The fatal accident saw Japan Airlines flight 516 crash into the coast guard aircraft after touching down on the runway on Tuesday, causing it to erupt into a terrifying fireball.

All 379 people on the Japan Airlines (JAL) plane were safely evacuated. Five of the six crew members on the smaller coast guard aircraft died, according to Japanese transport minister Tetsuo Saito.

Saito on Wednesday released the transcript of more than four minutes of communications between air traffic controllers and the two planes immediately before the accident, which indicates the Japan Airlines flight had been given permission to land.

Air traffic control gave the JAL passenger plane permission to land on Runway C at 5:43:26 p.m. local time (3:43:26 a.m. ET), according to the transcript.

However, the transcript does not show clear takeoff approval for the coast guard aircraft, instead telling it to “taxi to holding point” at 5:45:11 p.m. (3:45:11 a.m. ET). The crew of the coast guard plane confirmed the instruction seconds later, according to the transcript.

About two minutes later, the JAL flight collided with the coast guard plane on the runway, according to the timestamp on airport surveillance video.

Transport Secretary Saito told reporters Wednesday that the incident is “still being investigated” and the next step will be to listen to the audio recording of the conversation between the coast guard pilot and flight control tower.

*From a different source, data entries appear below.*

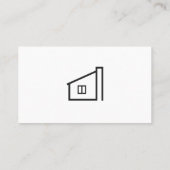 Real Anwesen Agent / Minimalistisch Visitenkarte (Rückseite)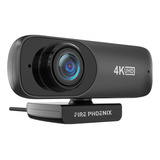 Câmera Webcam 4k Full Hd Microfone Embutido Usb Streamer Auto Foco Para Pc 1080p Luuk Young Bk c60 Cor Preto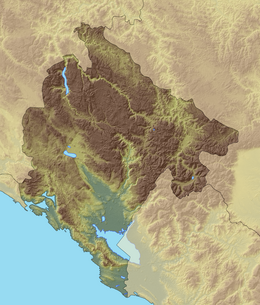 Ада Бојана на мапи Црне Горе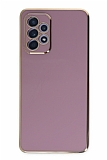 Eiroo Borderline Samsung Galaxy A52 Kamera Korumal Mor Silikon Klf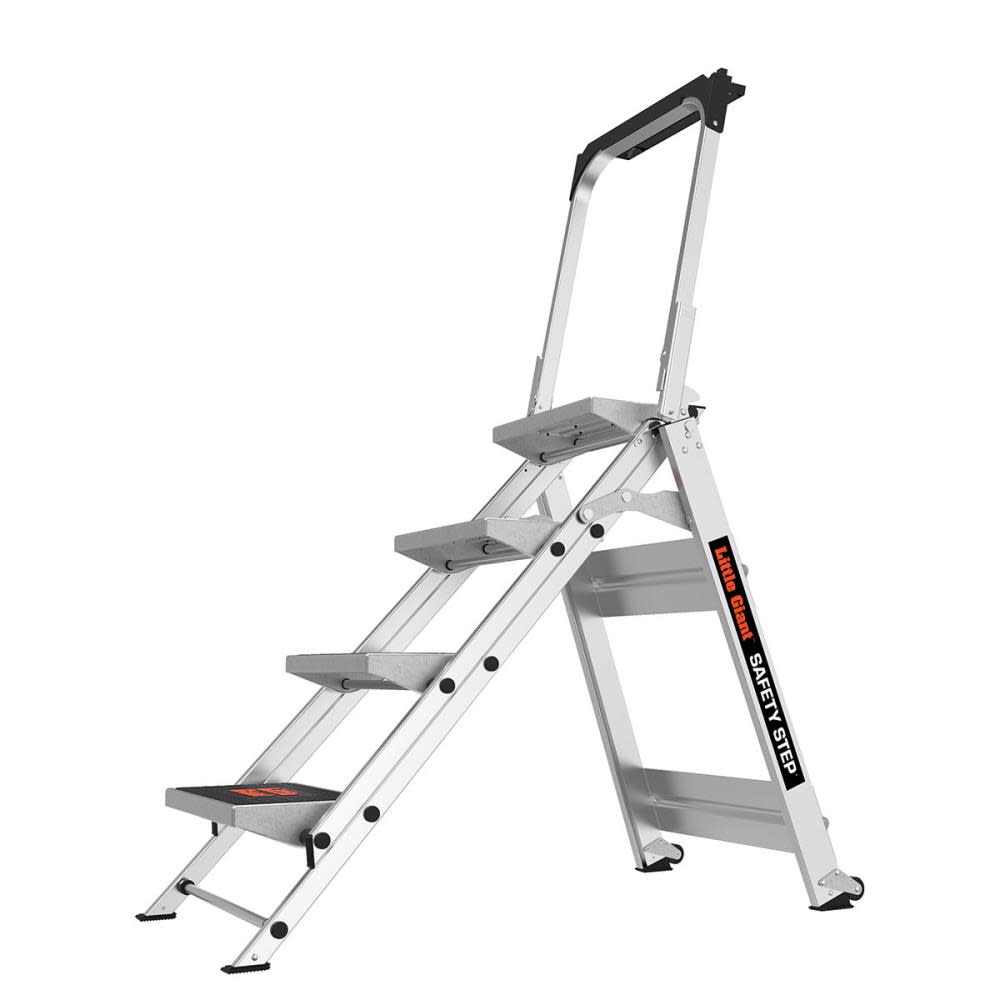 Safety Step M4 Aluminum Type 1A Step Stool with Handrail - Mycitystee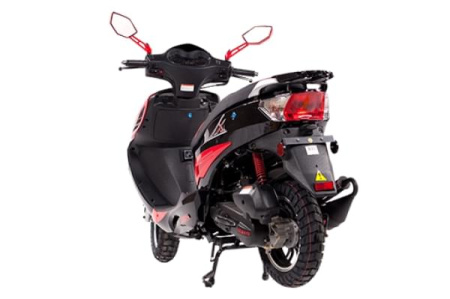 IRBIS Скутер IRBIS LX GTR (красный)  110сс 2т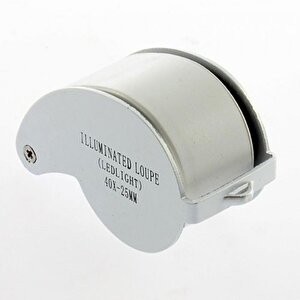 Mini 40x25mm Takı Büyüteç Cep Büyüteç Teftiş Elmas Pullar Madeni Kontrol Lup Mg21011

He added that the transport ministry is taking every precaution to prevent such an accident from occurring again, saying the ministry had “told airlines and air traffic control agencies to implement basic operations and procedures thoroughly.”

In a briefing following Saito’s press conference, officials from the Japan Transportation Safety Board (JTSB) said they had retrieved the flight and voice recorders of the coast guard aircraft. However, they added that they were still looking for those of the JAL plane.

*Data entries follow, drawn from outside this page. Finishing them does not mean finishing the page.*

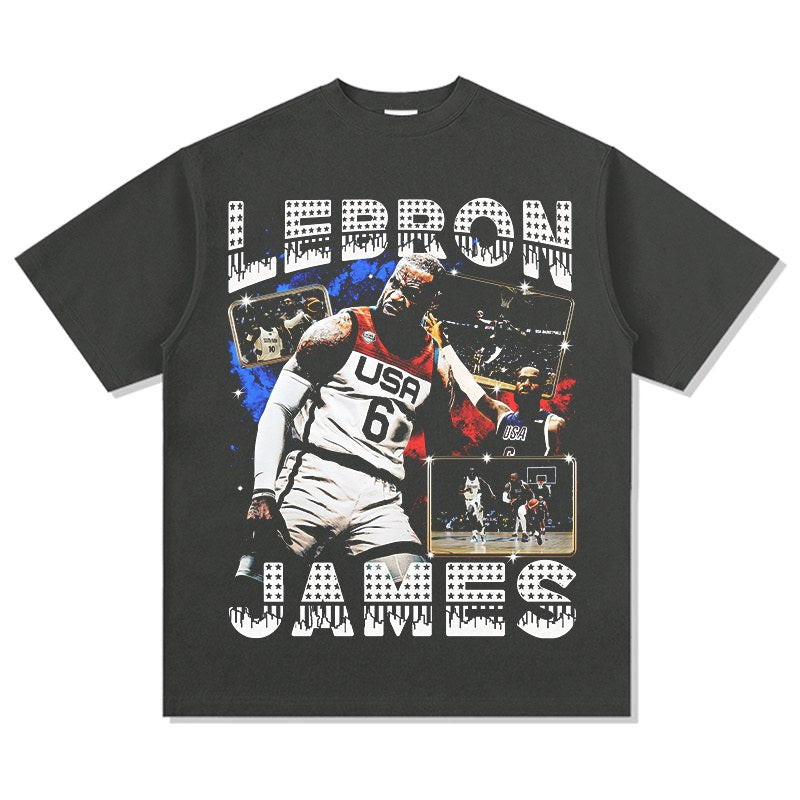 LEBRON JAMES VINTAGE TEE · ROOKIE YEAR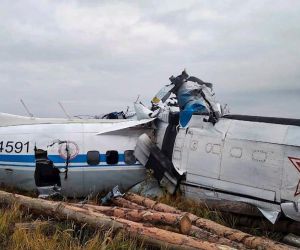 Restos del avión.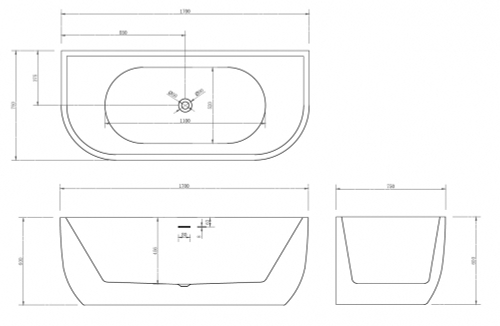 Акриловая ванна ABBER AB9316 белая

A JTBS official told reporters that the air traffic controller cleared the JAL plane to land on runway C and instructed the coast guard aircraft “to hold point.”

The release of the transcript comes after Japan Airlines said in a statement late Tuesday that its crew had been cleared to land by air traffic control prior to the collision.

Audio from LiveATC.net appears to detail the crew reading back a clearance order for runway 34, saying “cleared to land 34 right.”

Japan Airlines has pledged its full cooperation in the investigation to determine responsibility for the deadly crash.

Passengers who were onboard the Japan Airlines plane, an Airbus A350, as well as witnesses to the collision have described terror giving way to relief as it became clear everyone onboard survived.

Incredibly, Japan Airlines said only one person on board its plane received bruises, but 13 “requested medical consultation due to physical discomfort.”

Runway incursions, as incidents of this type are classed, are “rare but can be catastrophic,” according to Graham Braithwaite, professor of safety and accident investigation at the UK’s Cranfield University.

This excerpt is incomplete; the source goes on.